▶ **Required work**
Return only the number of lines in the entries below that hold the word "Chevrolet".

Crawled caption data
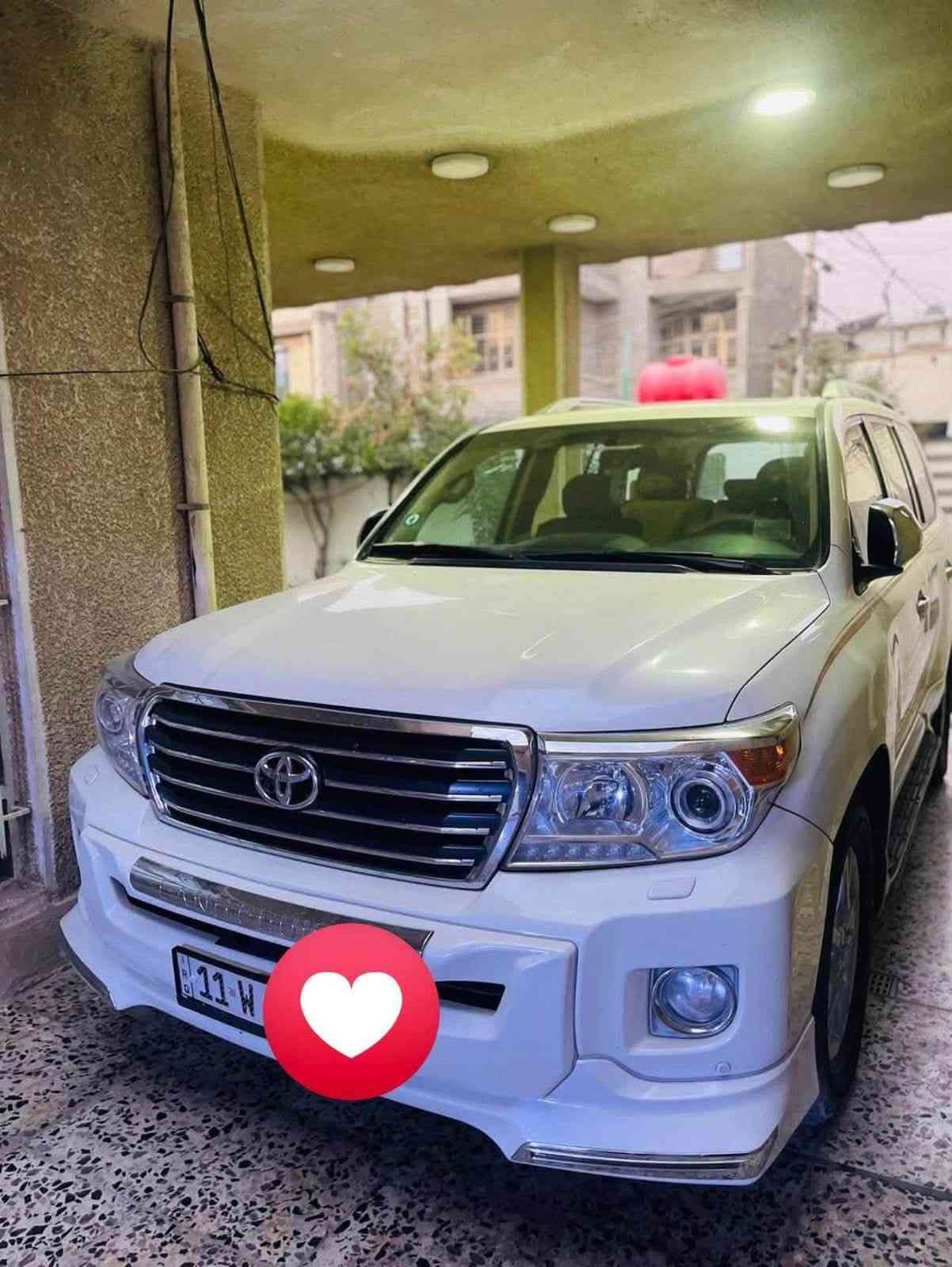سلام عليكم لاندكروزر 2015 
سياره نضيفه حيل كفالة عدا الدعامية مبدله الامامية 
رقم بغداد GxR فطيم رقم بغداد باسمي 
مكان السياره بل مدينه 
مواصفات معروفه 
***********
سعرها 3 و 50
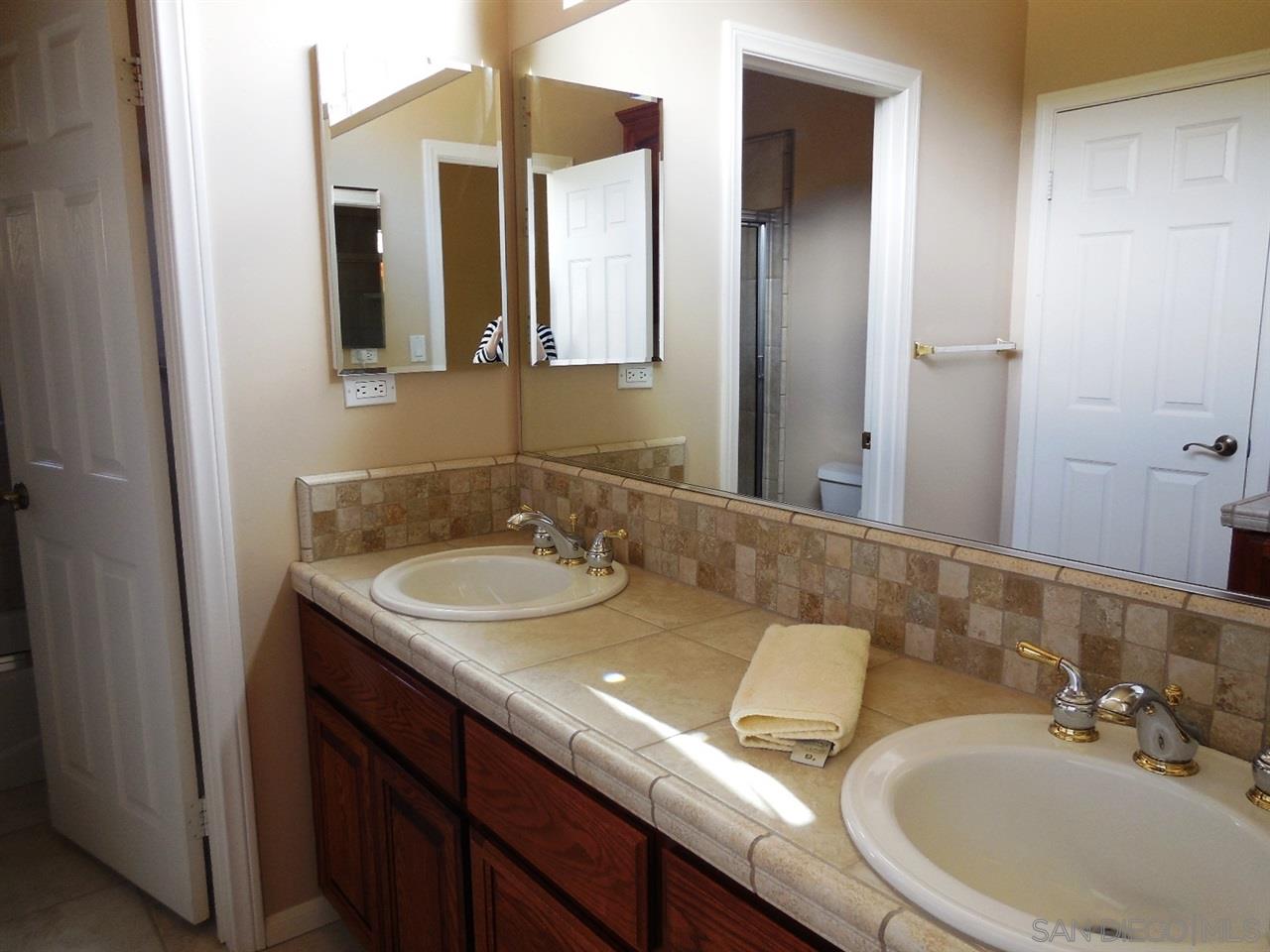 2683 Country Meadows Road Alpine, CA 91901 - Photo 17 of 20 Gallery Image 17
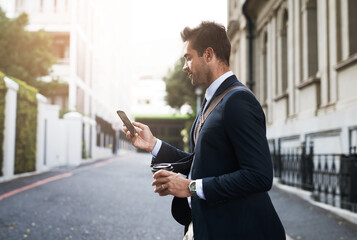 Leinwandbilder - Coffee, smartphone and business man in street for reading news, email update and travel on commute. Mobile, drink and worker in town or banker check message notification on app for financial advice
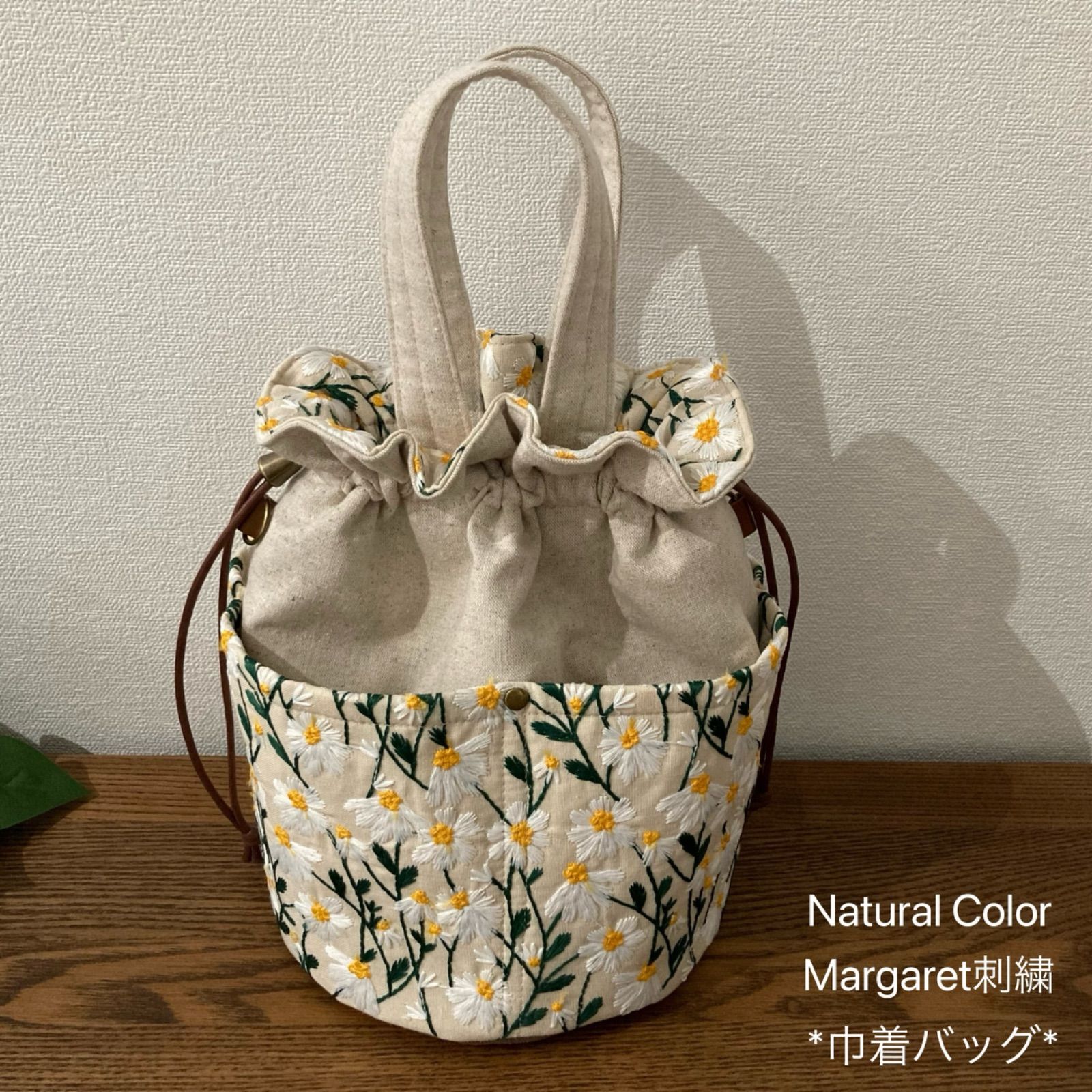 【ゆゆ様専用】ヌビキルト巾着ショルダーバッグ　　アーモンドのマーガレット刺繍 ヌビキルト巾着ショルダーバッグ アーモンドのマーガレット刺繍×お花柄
==
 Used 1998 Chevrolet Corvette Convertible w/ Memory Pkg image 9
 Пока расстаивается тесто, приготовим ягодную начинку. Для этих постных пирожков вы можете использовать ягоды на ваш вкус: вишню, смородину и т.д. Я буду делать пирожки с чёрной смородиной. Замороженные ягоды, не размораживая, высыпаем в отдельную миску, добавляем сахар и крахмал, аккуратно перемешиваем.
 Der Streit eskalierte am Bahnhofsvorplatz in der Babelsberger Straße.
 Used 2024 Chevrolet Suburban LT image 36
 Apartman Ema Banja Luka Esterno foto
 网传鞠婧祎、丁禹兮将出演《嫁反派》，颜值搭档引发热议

▶ **Written answer**
2